Aphasia: When It Occurs and How Occupational and Speech Therapists Can Help
Aphasia is a disorder that affects a person's ability to communicate with others, and it's often caused by brain injury or damage to parts of the patient's brain where linguistic ability is processed. It affects the way a person uses words and the way words are understood by the affected person, but occupational and speech therapy can make a big difference for some patients.
Different Types of Aphasia
1. Non-fluent, expressive:
Expressive aphasia is characterized by a patient who knows what they want to say but is unable to verbalize or write the words.
2. Fluent, Receptive:
A patient with receptive aphasia can hear or read words but can't understand what the words mean.
Patients with anomic aphasia have difficulty finding the right written or spoken words to communicate thoughts.
Global aphasia leaves a patient unable to speak, read, write or comprehend words and often develops immediately following a stroke.
5. Primary Progressive:
Patients with primary progressive aphasia experience a gradual loss of ability to communicate, and there is no known treatment.

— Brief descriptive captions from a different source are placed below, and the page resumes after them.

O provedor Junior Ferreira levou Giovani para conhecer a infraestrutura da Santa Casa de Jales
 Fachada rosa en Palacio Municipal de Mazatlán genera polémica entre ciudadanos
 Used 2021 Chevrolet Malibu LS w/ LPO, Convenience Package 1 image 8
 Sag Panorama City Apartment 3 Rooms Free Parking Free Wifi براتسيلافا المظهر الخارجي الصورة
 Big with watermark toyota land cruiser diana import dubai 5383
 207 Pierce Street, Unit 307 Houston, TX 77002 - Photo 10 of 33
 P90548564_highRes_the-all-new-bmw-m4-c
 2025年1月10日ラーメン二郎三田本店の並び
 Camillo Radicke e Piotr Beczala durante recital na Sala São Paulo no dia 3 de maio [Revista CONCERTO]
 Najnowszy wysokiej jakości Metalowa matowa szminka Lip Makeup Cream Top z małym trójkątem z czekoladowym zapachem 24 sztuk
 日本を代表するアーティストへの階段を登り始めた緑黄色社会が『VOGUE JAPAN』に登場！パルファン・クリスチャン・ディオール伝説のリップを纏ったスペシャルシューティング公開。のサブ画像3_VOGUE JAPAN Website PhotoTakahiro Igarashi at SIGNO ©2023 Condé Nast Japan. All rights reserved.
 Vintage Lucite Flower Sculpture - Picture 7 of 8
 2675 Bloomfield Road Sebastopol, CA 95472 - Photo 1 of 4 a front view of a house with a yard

How Occupational Therapy Can Help With Aphasia
Because a patient's ability to communicate is impaired with aphasia, occupational therapists may have to find other ways to connect with and understand a patient.
- Tools to use include pictures and picture books and drawing boards.
- Focus on the patient's ability to understand and communicate.
- Watch body language, including the patient's eye movement and hand gestures and signs of frustration.
- Letting other staff members and the patient's family know which forms of communication are most effective helps the patient get through this challenging phase.
How Speech Therapists Can Help Aphasia Patients
When a patient isn't able to speak, it's stressful for the patient, the patient's family members and for caregivers. A speech therapist is likely to combine impairment-based therapy techniques with communication-based techniques when working with aphasia patients.
- Tactics like homework and computer programs may be incorporated.
- Develop therapies based on communication -based therapy techniques..
- Tailor therapy to accommodate the patient's wishes and to support the efforts of caregivers.